| Work instructions |
Restate the data exactly as given and keep the pictures out.

(Short descriptive text snippets)
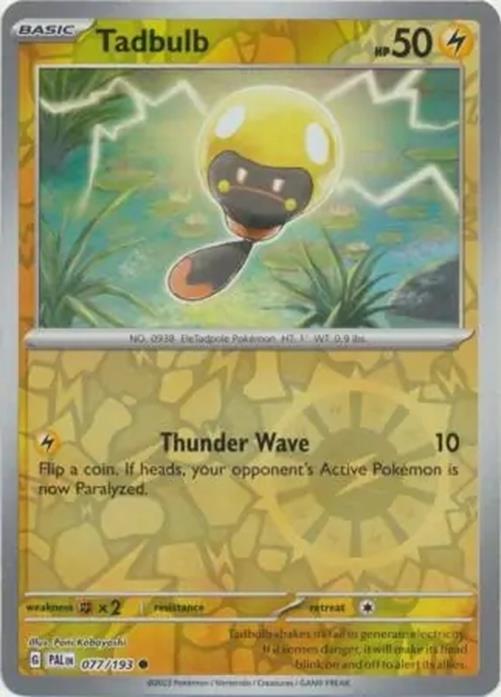 Tadbulb - 077/193 - Paldea Evolved - Reverse Holo Common - NM/M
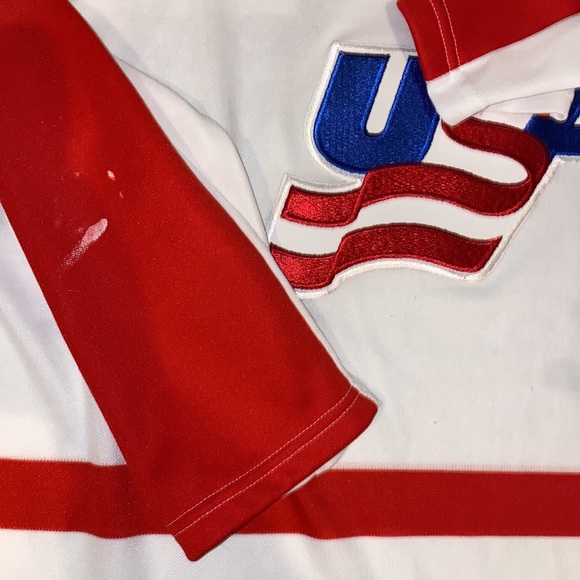 Vintage 90’s CCM USA 🇺🇸 Olympics Hockey Jersey made in U.S.A. - Picture 6 of 6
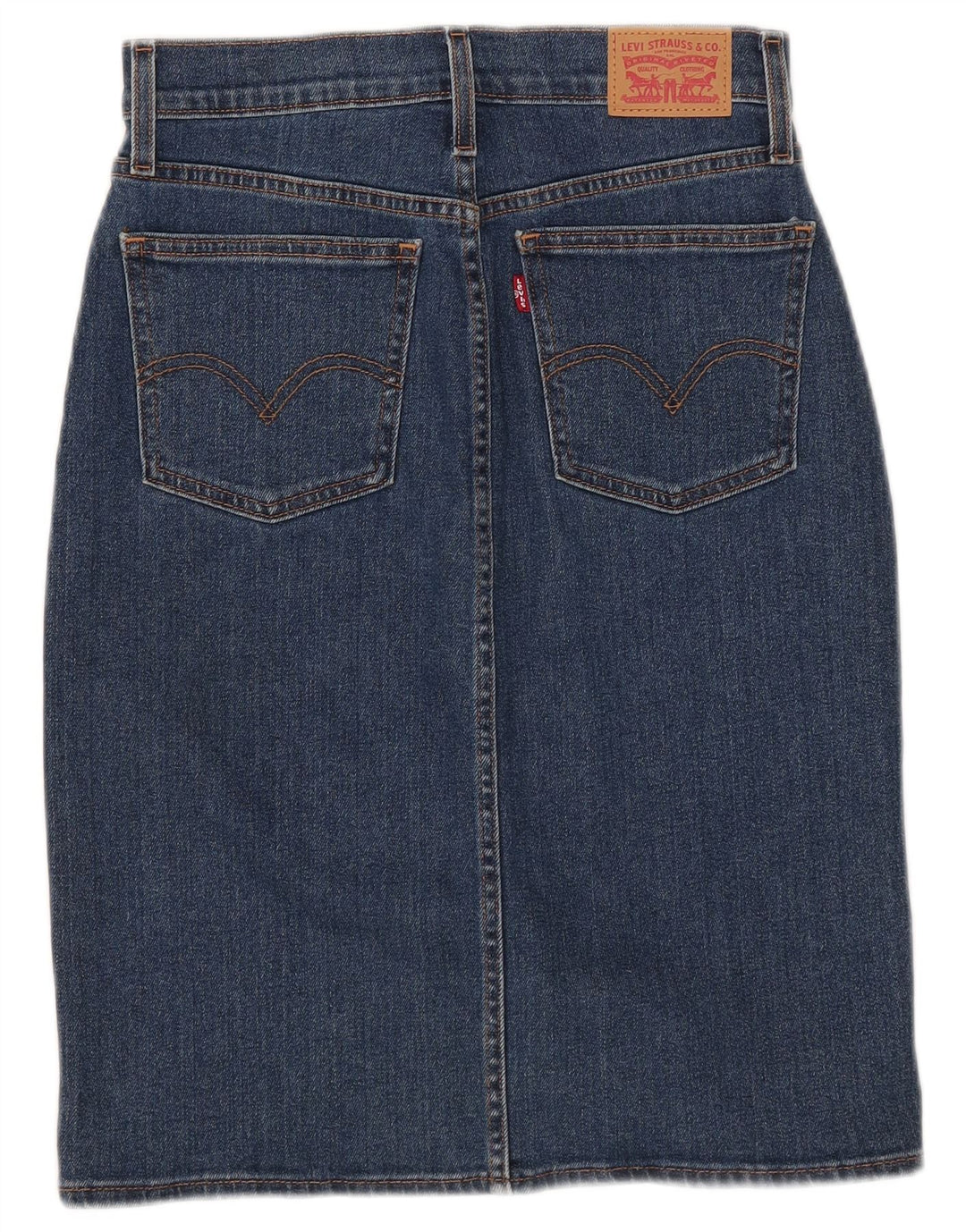 Levi's Damen Jeansrock W24 XS Blaue Baumwolle
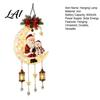 Indoor Christmas Tree Decorations Santa Moon Hanging Lamp Iron LED Lighted Ornament Holiday Decoration Enthusiast Gift Glowing Atmosphere Light for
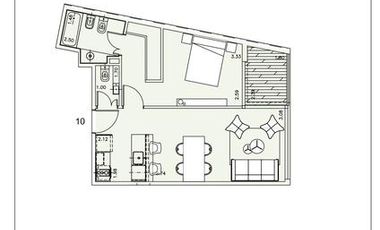 2 ambientes en palermo en venta, Inversión, Rooftop, SUM con parrilla, piscina con solarium, bicicletero, Balcón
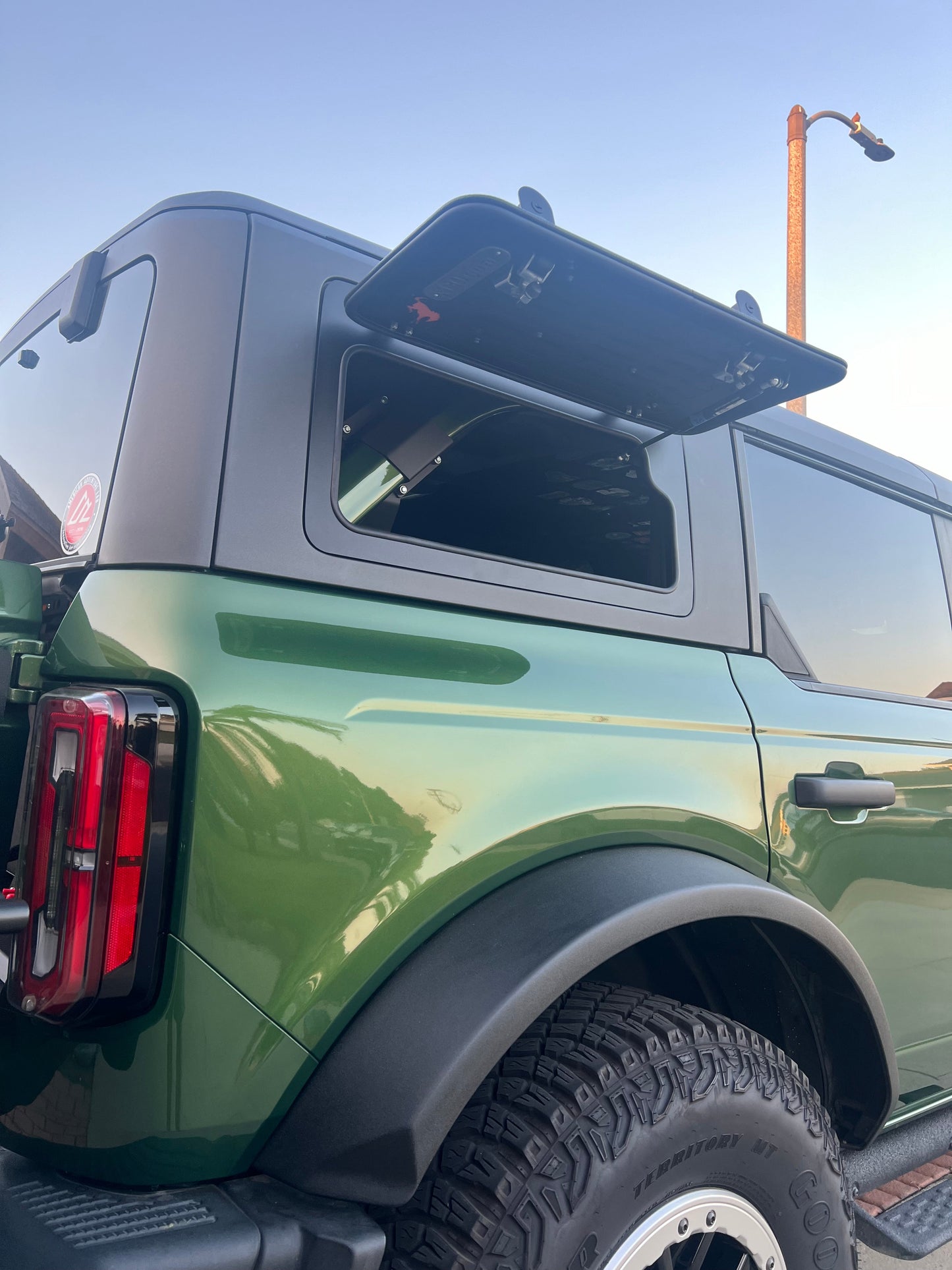 6th Gen Bronco 4 Door 2021 - 2025 Gullwing Hatch System with Molle Panels LEFT DRIVERSIDE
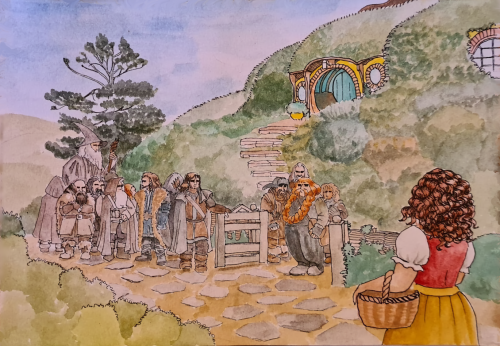 The last pictures for this years’ @tolkienrsb, illustrations done over the summer for the story @cos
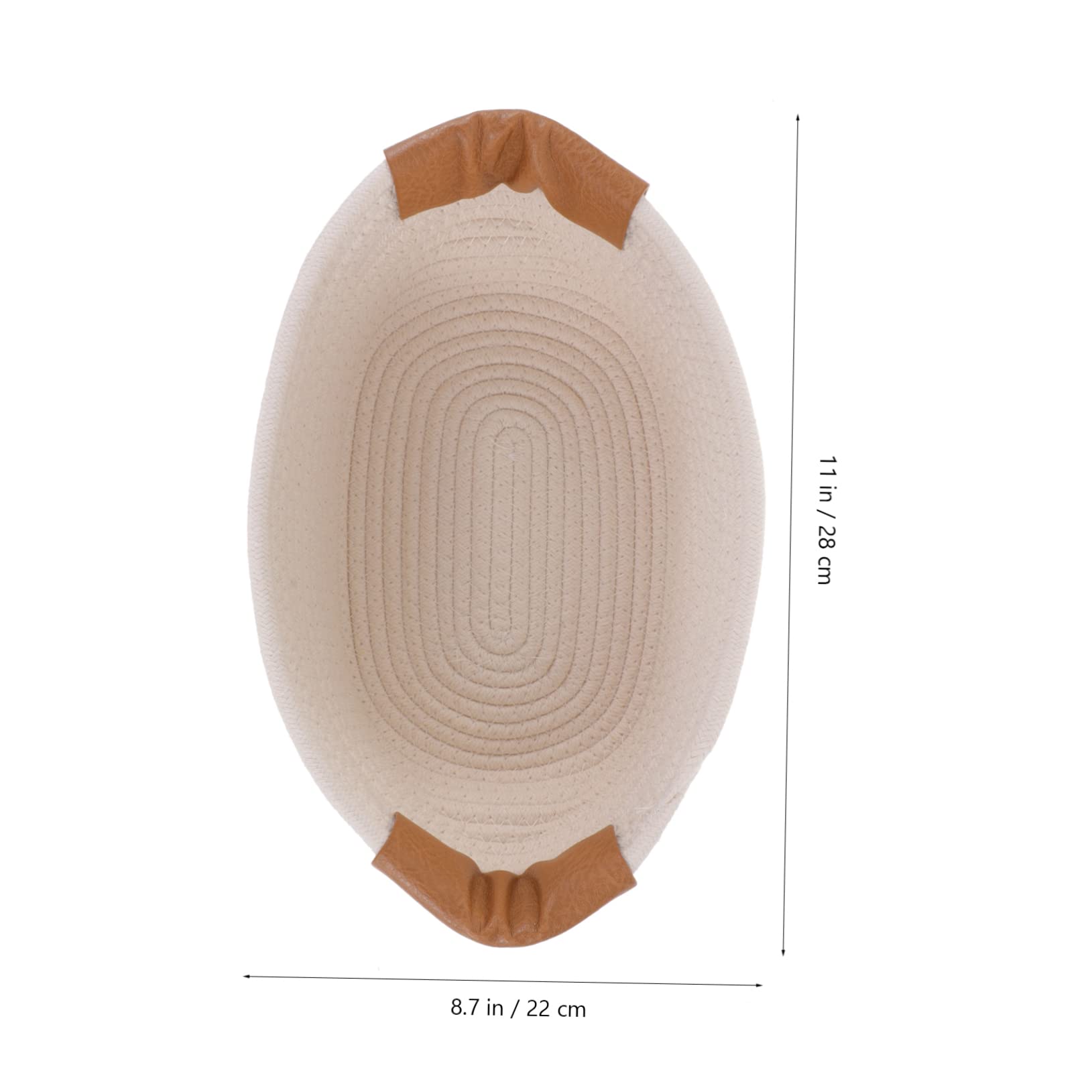 Happyyami Woven Rope Storage Basket for Organizing Design with Handles for Bathroom Bedroom Living Room and Storage Small Decor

| Answer box |
 Tadbulb - 077/193 - Paldea Evolved - Reverse Holo Common - NM/M
 Vintage 90’s CCM USA 🇺🇸 Olympics Hockey Jersey made in U.S.A. - Picture 6 of 6
 Levi's Damen Jeansrock W24 XS Blaue Baumwolle
 Indoor Christmas Tree Decorations Santa Moon Hanging Lamp Iron LED Lighted Ornament Holiday Decoration Enthusiast Gift Glowing Atmosphere Light for
 2 ambientes en palermo en venta, Inversión, Rooftop, SUM con parrilla, piscina con solarium, bicicletero, Balcón
 6th Gen Bronco 4 Door 2021 - 2025 Gullwing Hatch System with Molle Panels LEFT DRIVERSIDE
 The last pictures for this years’ @tolkienrsb, illustrations done over the summer for the story @cos
 Happyyami Woven Rope Storage Basket for Organizing Design with Handles for Bathroom Bedroom Living Room and Storage Small Decor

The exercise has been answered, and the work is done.